It’s the white-on-black flag that first catches your eye, blowing in the wind like a Jolly Roger.
Except, in this case, the black surface displays a name, not the skull-and-crossbones. And the name is “White Cube,” the top international gallery that opened its first U.S. flagship in New York last week.
Like a pirate ship, the gallery landed in a fearsome storm with plenty of swashbuckling swagger (more on that later). Planted on a red-brick facade of a 1930 neo-Federalist former bank, that White Cube flag looks both chic and triumphant. The London-based gallery’s arrival in New York feels inevitable. So inevitable, in fact, one almost wonders: What took so long?
Located next door to Sant Ambroeus, an institution of a restaurant where billionaires go to grab a coffee and top dealers have tables informally named after them, White Cube has made landfall in one of the wealthiest zip codes in America—and in the art world. It is located just two blocks from Gagosian, the world’s biggest gallery, and a stone’s throw away from top secondary-market powerhouses like Acquavella and Mnuchin.

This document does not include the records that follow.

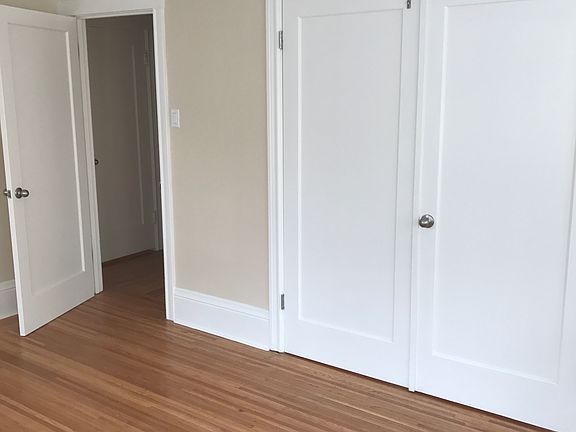 3rd image of 1000 Powell St
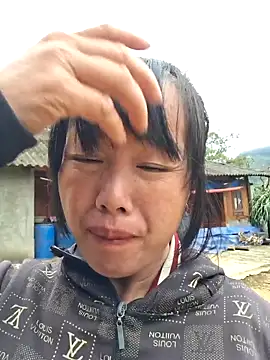 helenzz online show from 7, 11, 2025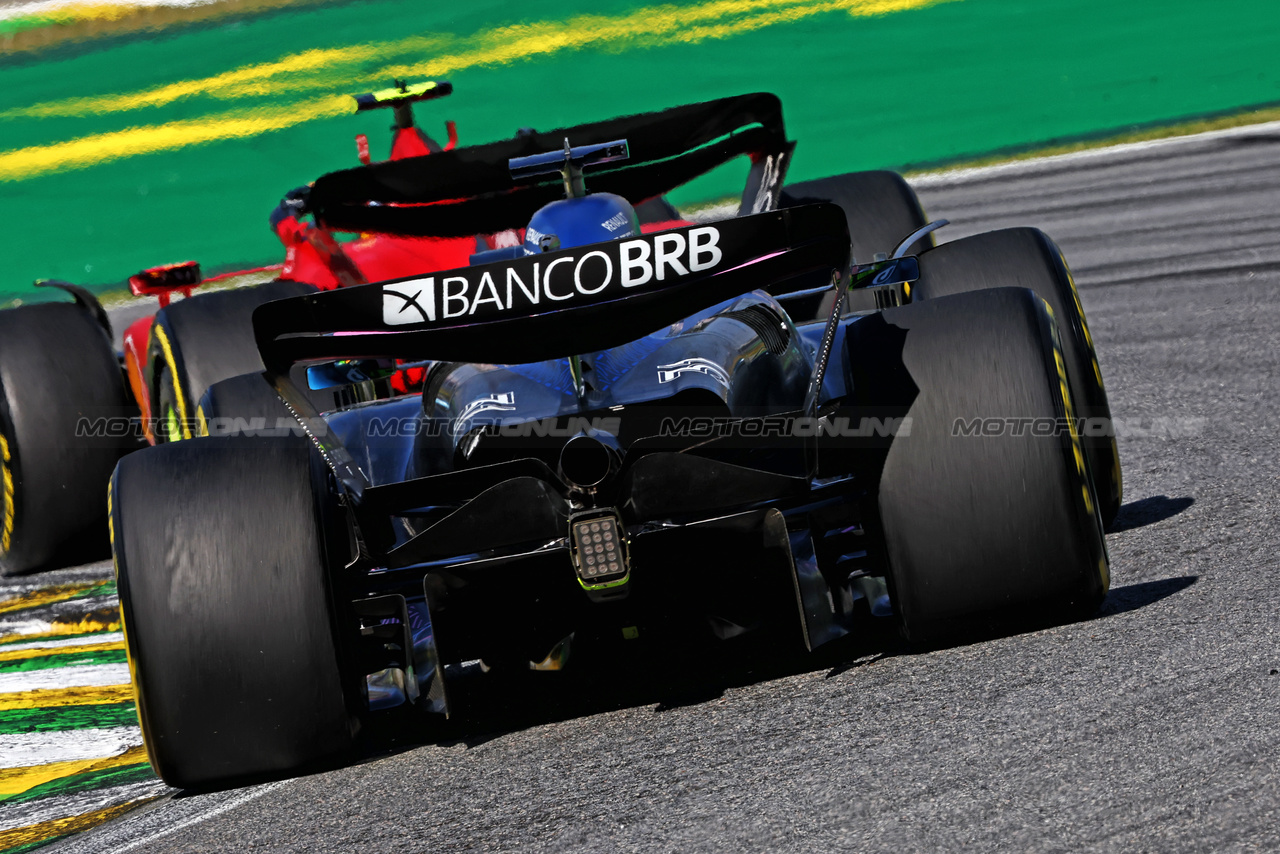 GP BRASILE, Esteban Ocon (FRA) Alpine F1 Team A523.

05.11.2023. Formula 1 World Championship, Rd 21, Brazilian Grand Prix, Sao Paulo, Brazil, Gara Day.

- www.xpbimages.com, EMail: requests@xpbimages.com © Copyright: Charniaux / XPB Images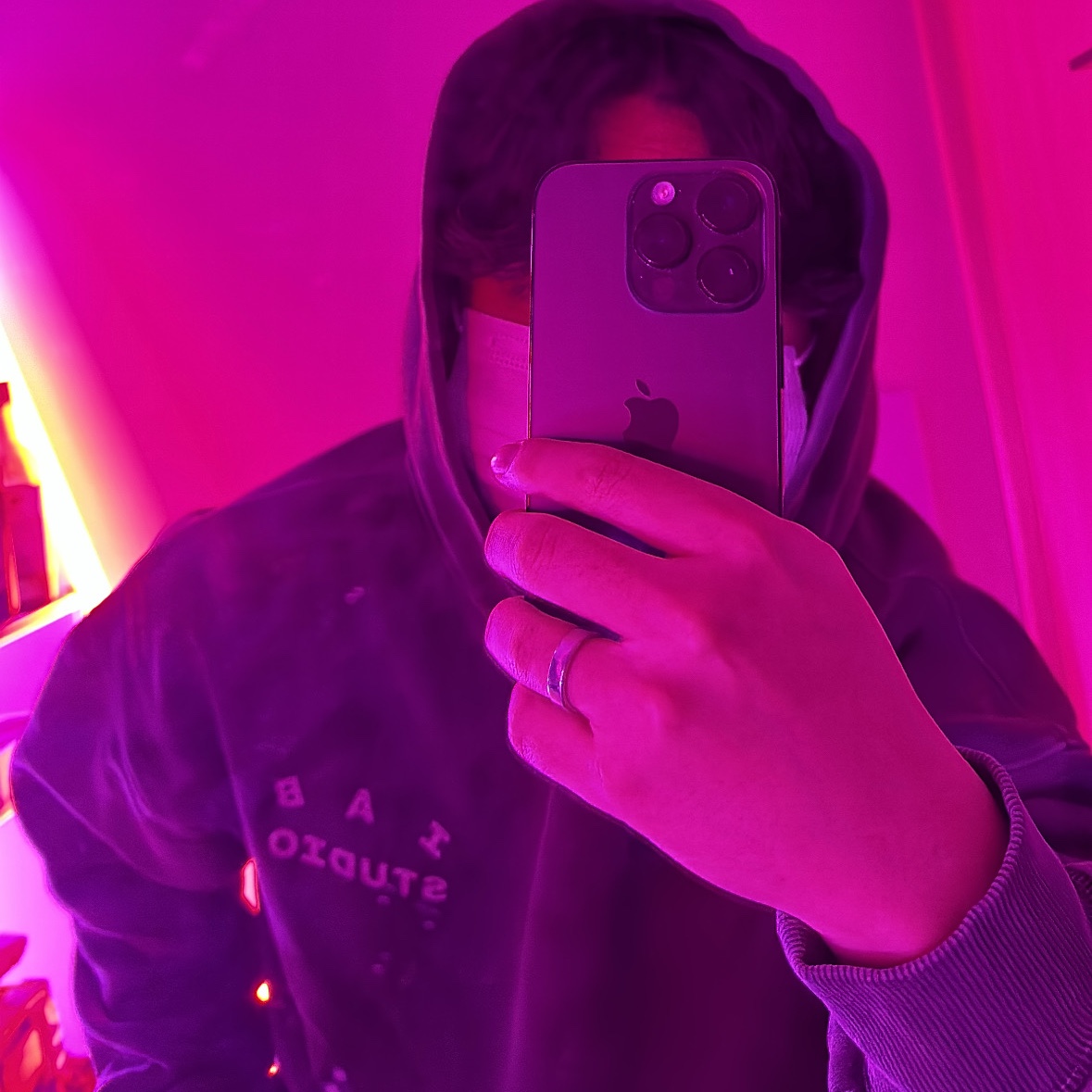 IAB Studio Pigment Hoodie Black, Apple iPhone 14 Pro 256GB Space Black (Korean Ver.) 착용 스타일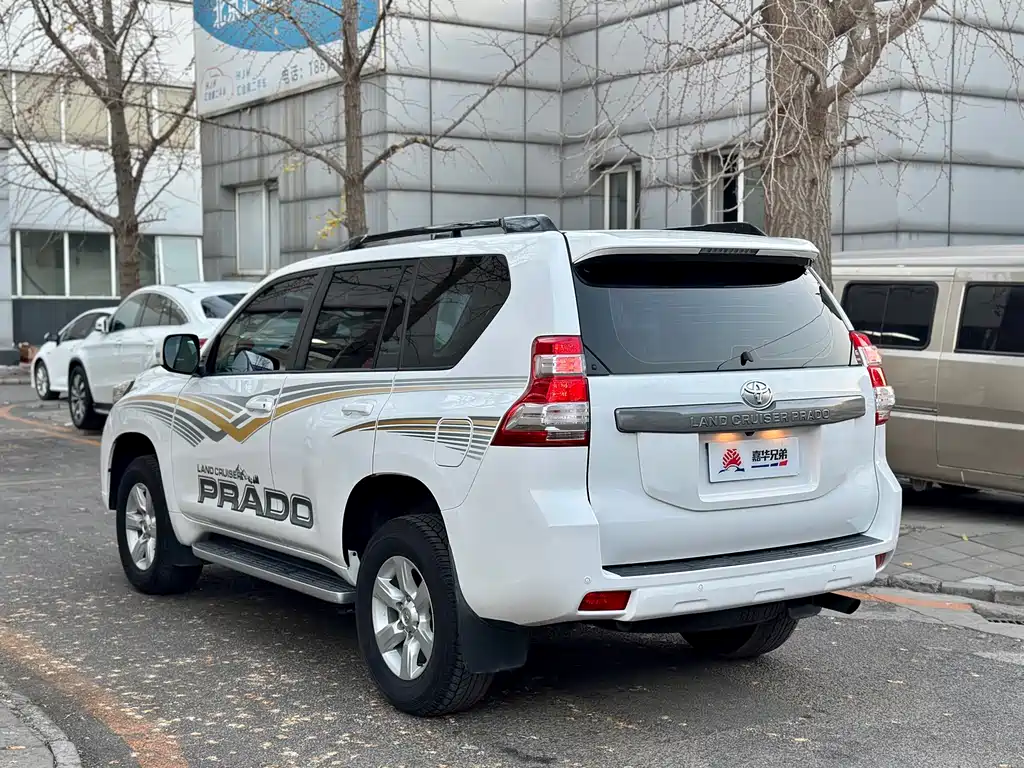 Toyota Prado 2015 — фото 13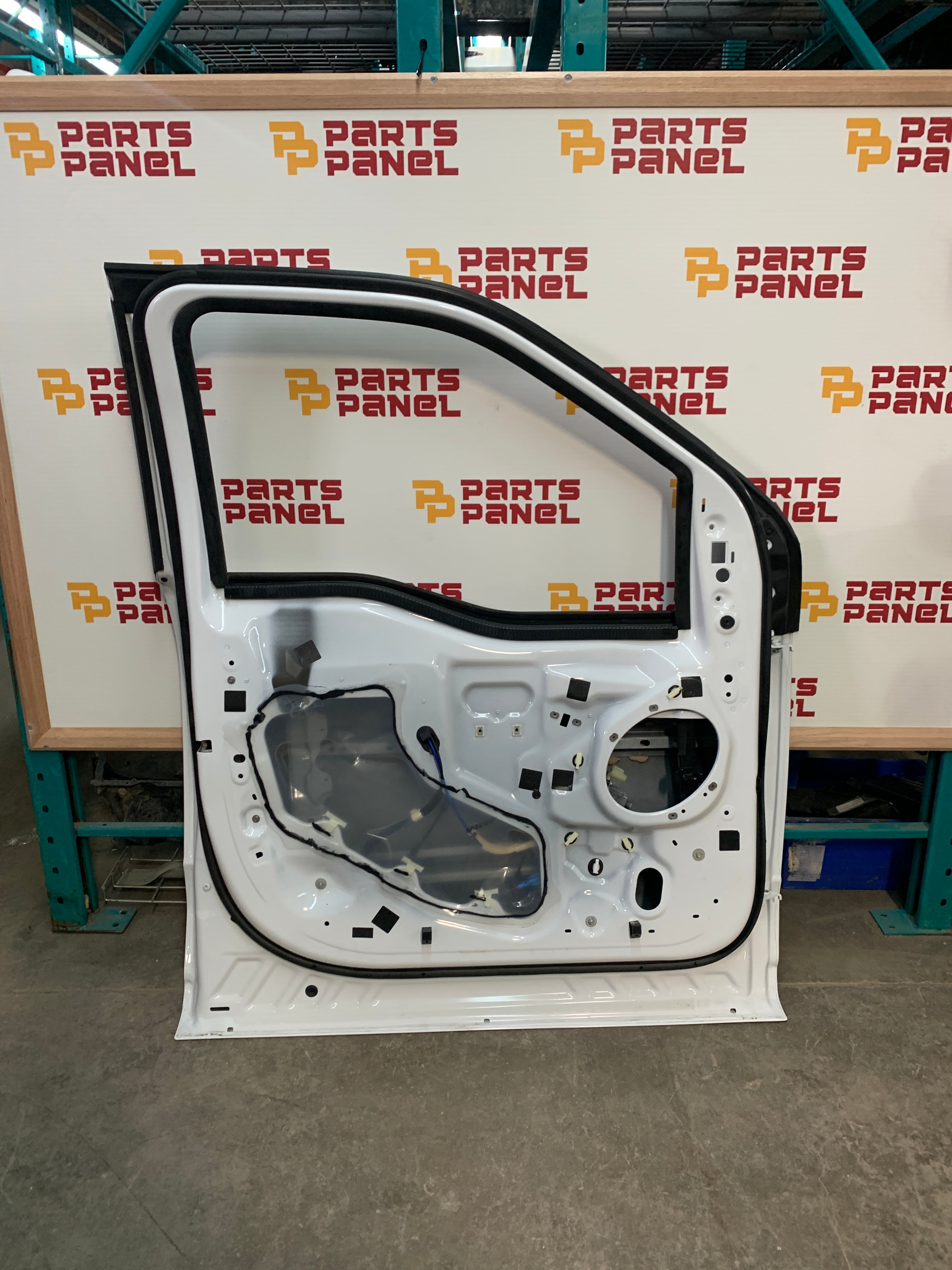 2021 - 2025 FORD F150 DRIVER SIDE FRONT DOOR OEM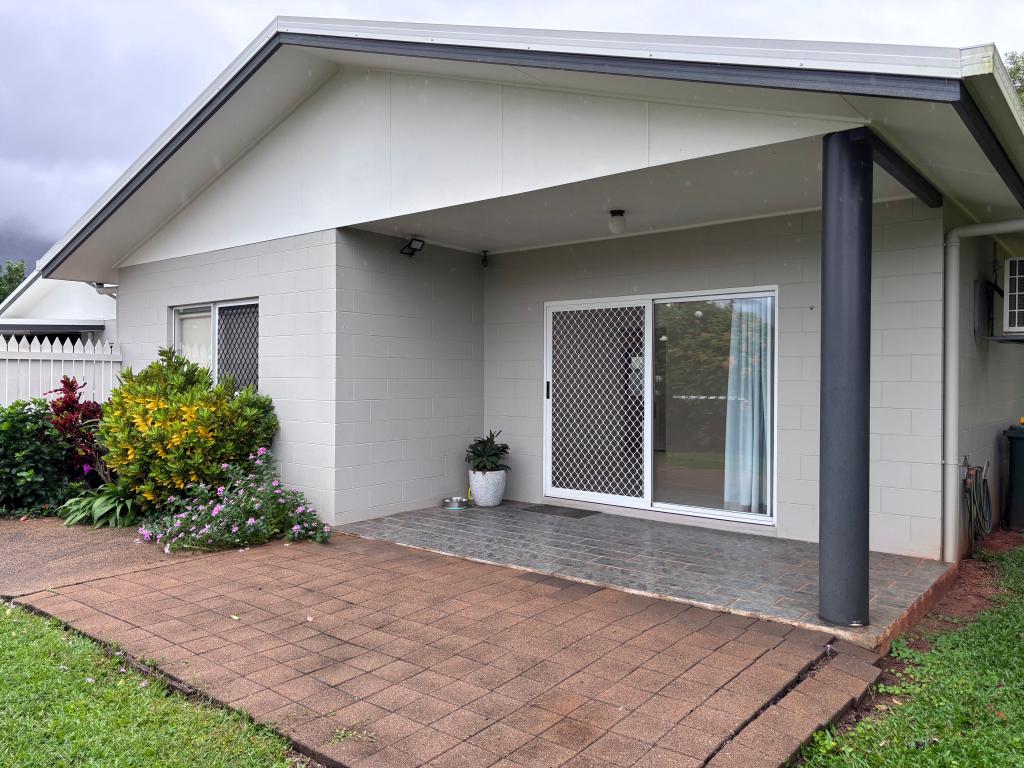 2/7 Trafalgar Rd, Mount Sheridan, QLD 4868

“It’s like the battle of the titans,” said art dealer Frances Beatty.
The London gallery’s arrival cements the growing cachet of the Upper East Side. Once a quiet, sleepy neighborhood for the ultra-rich, Madison Avenue in the 70s is now abuzz. Sotheby’s acquisition of the Breuer Building for $100 million earlier this year injected a lot of enthusiasm. New high-end hotels, private clubs, and restaurants are opening up, while top private dealers like Christophe van de Weghe and the Mugrabi family are setting up shop just off the avenue. There’s going to be even more movement among the upper echelon of the gallery world when Gagosian and the other art tenants of 980 Madison are forced to look for new homes now that Bloomberg Philanthropies has leased the building.
It is noteworthy that White Cube chose to settle uptown instead of Chelsea or more trendy Tribeca.
“It puts them in the category of established blue-chip galleries,” said art adviser Kimberly Gould. “It’s part of their image. In terms of what they are going for, that location was definitely important.”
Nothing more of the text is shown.